§ **TASK DATA**
*** Begin section ***
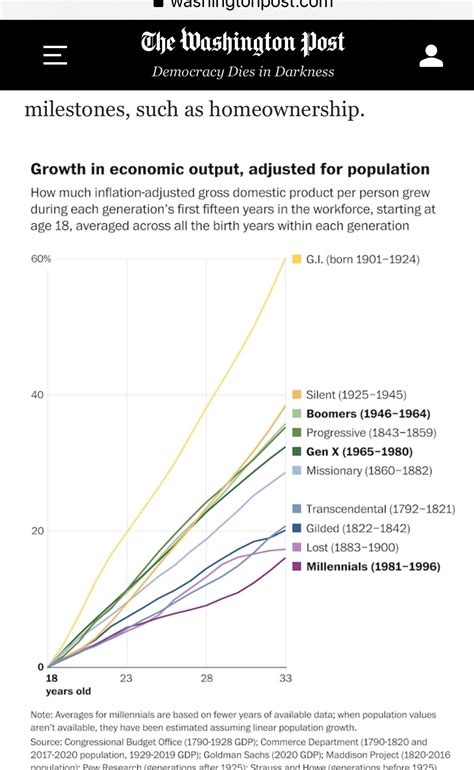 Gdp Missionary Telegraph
*** End section ***
*** Begin section ***
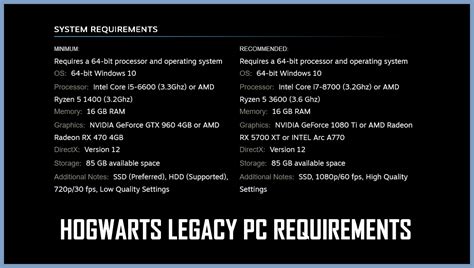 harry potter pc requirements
*** End section ***
*** Begin section ***
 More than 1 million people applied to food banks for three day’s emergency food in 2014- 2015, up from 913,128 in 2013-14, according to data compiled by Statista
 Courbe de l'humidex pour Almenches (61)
*** End section ***
§ **AIM OF THE TASK**
Retype the entries above exactly, but only from the line containing "More than 1" through the line containing "Courbe de l'humidex pour Almenches (61)", both included.

§ **ANSWER**
 More than 1 million people applied to food banks for three day’s emergency food in 2014- 2015, up from 913,128 in 2013-14, according to data compiled by Statista
 Courbe de l'humidex pour Almenches (61)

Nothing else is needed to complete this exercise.